Gestern morgen las ich die ersten Kommentare zum Peter-Alexa-Post bei spreeblick. Regte mich auf über die Menschen, die nicht den Eindruck erwecken, als würden sie auch nur eine Sekunde über das nachdenken, was Alexa angesprochen hat. Dass es in den 1960er Jahren in der BRD ein weitreichendes Wahrnehmen von fehlender geschichtlicher Aufarbeitung, ungerechtfertigter Außenpolitik der westlichen Nationen gab und dem Wunsch, den Statuten der jungen Republik endlich gerecht zu werden. Dass daraus eine Handvoll Menschen sich erhoben haben und den entscheidenden Schritt weiter gegangen sind, der für viele eine Grenzüberschreitung darstellt. Ein Schritt, der von Menschen gegangen wurde, die in der Runde der Unzufriedenen gelebt haben. Deren Unzufriedenheit und der folgenden extremen Handlungen sich aus den gleichen gesellschaftlichen Missständen generiert. Wenn es in der aktuellen Debatte rund um Klars Gnadengesuch heißt, die RAF seien "spinnerte Terroristen. Basta!", dann gibt es kein Interesse an einer differenzierten Aufarbeitung der Beweggründe von Baader, Meinhof und Co. Ohne Aufarbeitung sind auch keine sinnvollen Parallelen zu unserer heutigen Lebenssituation zu ziehen. Und die Wahrscheinlichkeit ist da, dass es wieder Menschen aus "unserer Mitte" geben wird, die zu extremen Mitteln greifen, um ihrem Unmut Ausdruck zu verleihen. Und die Verwunderung derer, die alle extrem Handelnden als Unmenschen abtun, die mit uns braven, demokratischen Bürgern nichts mehr gemein haben, wird wieder umso größer sein.

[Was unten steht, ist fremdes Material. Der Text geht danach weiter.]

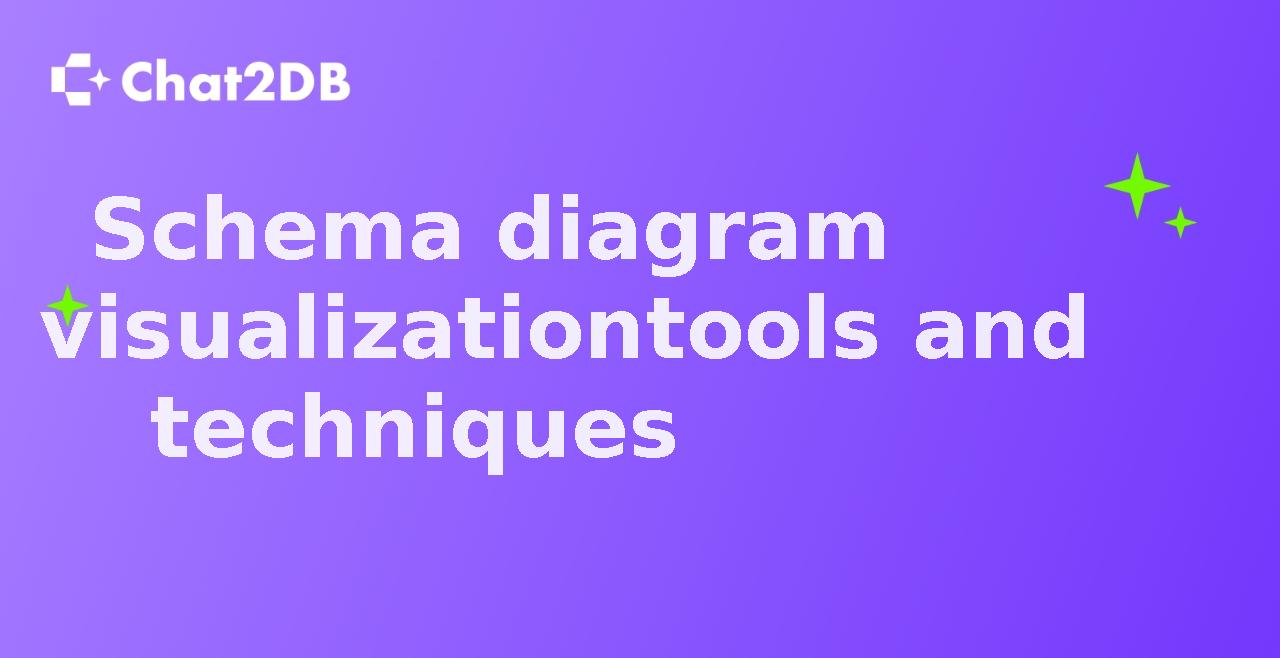 Schema diagram visualization tools and techniques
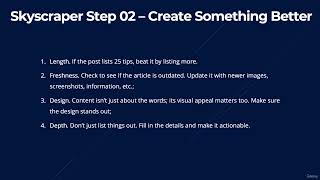 48  Link Building Strategy 06   Skyscraper Technique - The Ultimate SEO Training 2022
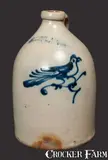 J. Norton & Co., 1 Gal. J. NORTON & CO. / BENNINGTON, VT Stoneware Jug with Bird Decoration
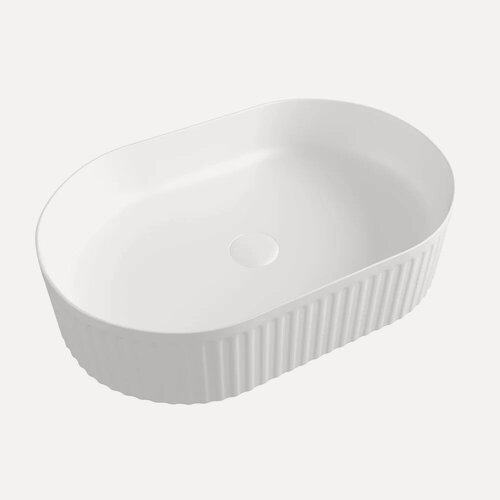 Изображение товара Накладная раковина Teymi Martta 50 накладная, без отверстия под смеситель, фарфоровая, овальная, раковина для ванной, белая, глянцевая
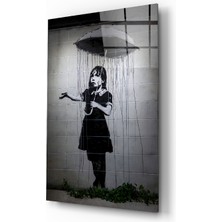 Insigne Yağmura Kaçış Cam Tablo - 72X46 cm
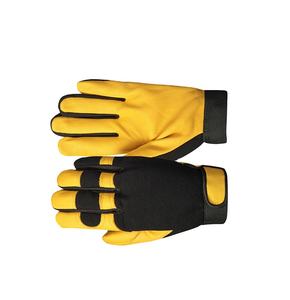 Gants de mécanicien en cuir personnalisés Texture lisse Durable XS S XL Tailles Gants de sécurité mécaniques - Product Image 4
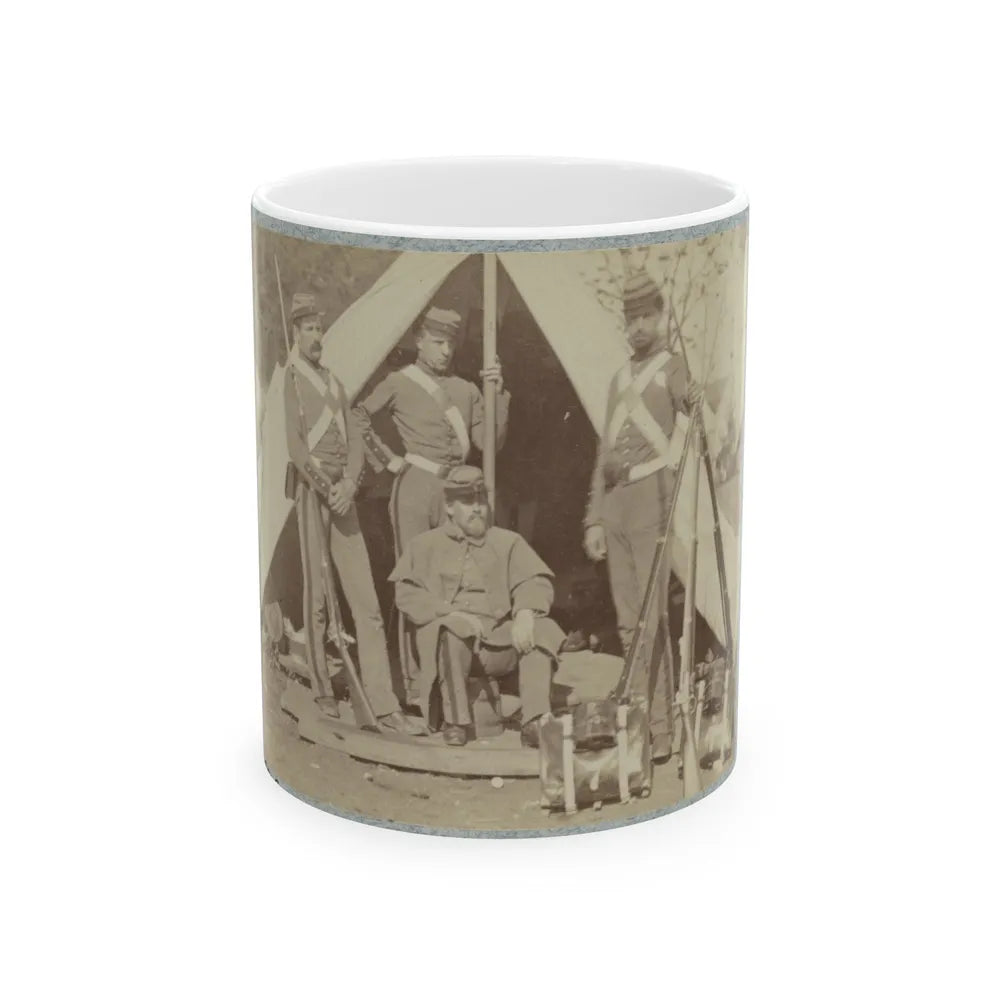 7th New York State Militia, Camp Cameron, D.C., 1861 013 (U.S. Civil War) White Coffee Mug-11oz-Go Mug Yourself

Ich geh jetzt mal weiter Tapete abrupfen.

2 Kommentare:

Anonym hat gesagt…

Auch für "Mach kaputt, was Dich kaputt macht" braucht es eben Kraft und Mut und Aufbegehren, Reflexion und Ehrlichkeit.

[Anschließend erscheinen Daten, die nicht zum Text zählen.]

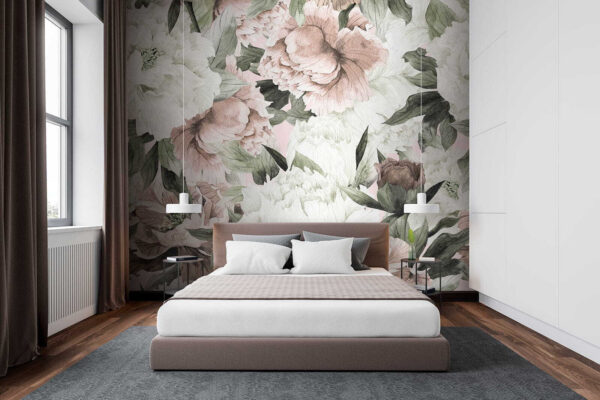 Des motifs floraux délicats dans des teintes douces Des motifs floraux délicats dans des teintes douces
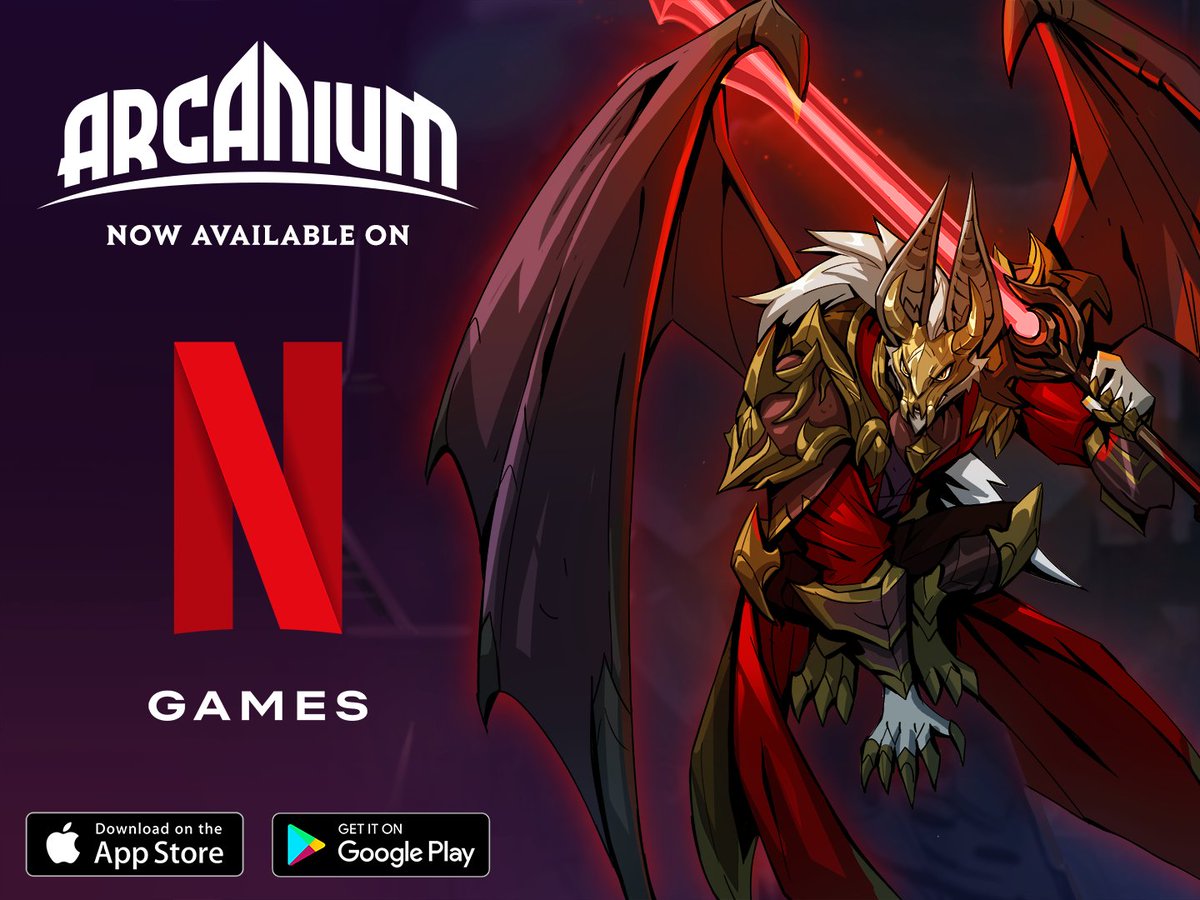 The day has finally arrived! It is a privilege and a great honor to announce that our game Arcanium: Rise of Akhan is now available on Netflix gaming (iOS and Android). Download the game now with a Netflix subscription with no ads or in-game purchases!!! #Arcanium #Netflixgames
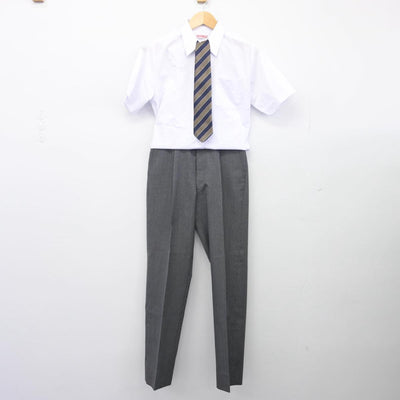 【中古】埼玉県 三郷工業技術高等学校 女子制服 3点（シャツ・ズボン）sf026578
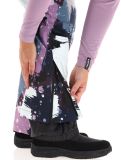 Vignette Rehall, Nori-R pantalon de ski femmes Camo Abstract Lavender multicolore, violet 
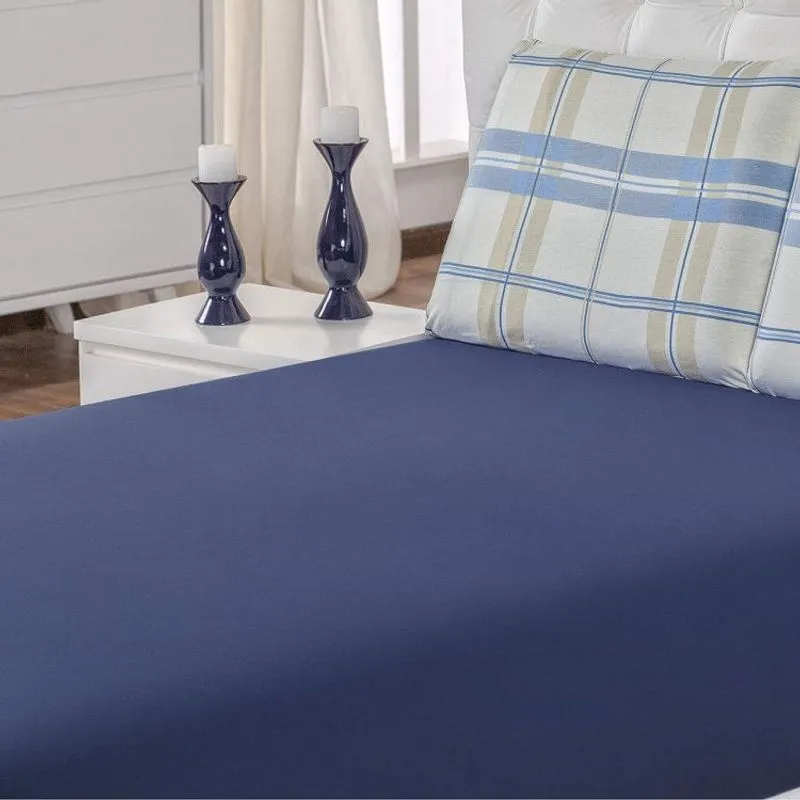 Jogo de Cama Solteiro 2 Peças em Algodão Quality Bia Enxovais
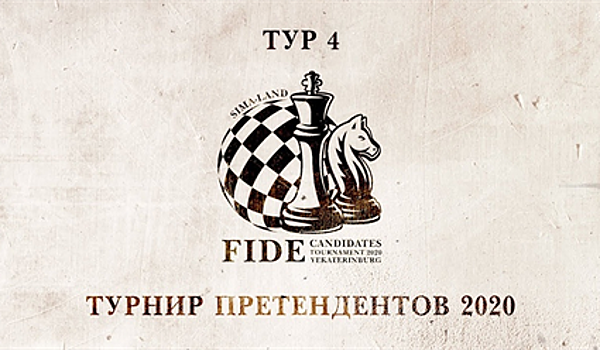 Шахматы. Турнир претендентов ФИДЕ 2020. 4-й тур. (прямая видеотрансляция)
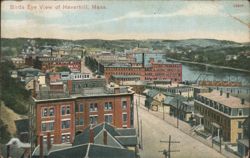 Birds Eye View of Haverhill, Mass. Postcard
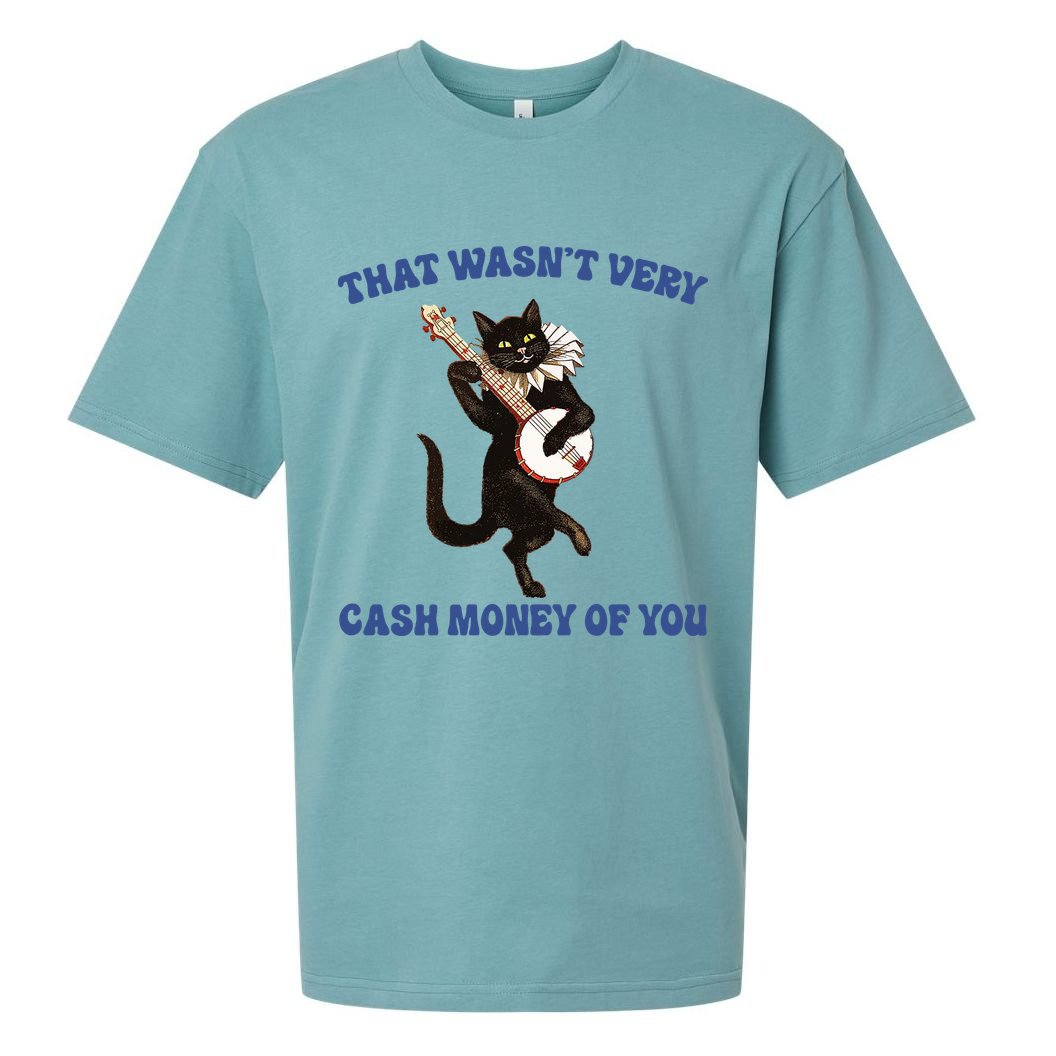 That WasnT Very Cash Money Of You Sueded Cloud Jersey T-Shirt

Mr. Indie-Test-Nachgefragt

IMpressum hat gesagt…

Interessant finde ich, daß Spreeblick kein Problem mit dem durch den Alexa-Text verwirkten §140 STGB hat, dafür aber massive Probleme bis hin zum Diskussionsausschluß mit mir. Und dabei habe ich nur als NPD-Wähler darauf hingewiesen, daß es sich bei der RAF-Diskussion um eine innerbürgerliche handelt zwischen 68er-Illusionisten und Turbokapitalisten. Mein These mag ja falsch sein, der Ausschluß von der Diskussion könnte aber darauf hindeuten, daß hier die Wahrheit zu finden ist.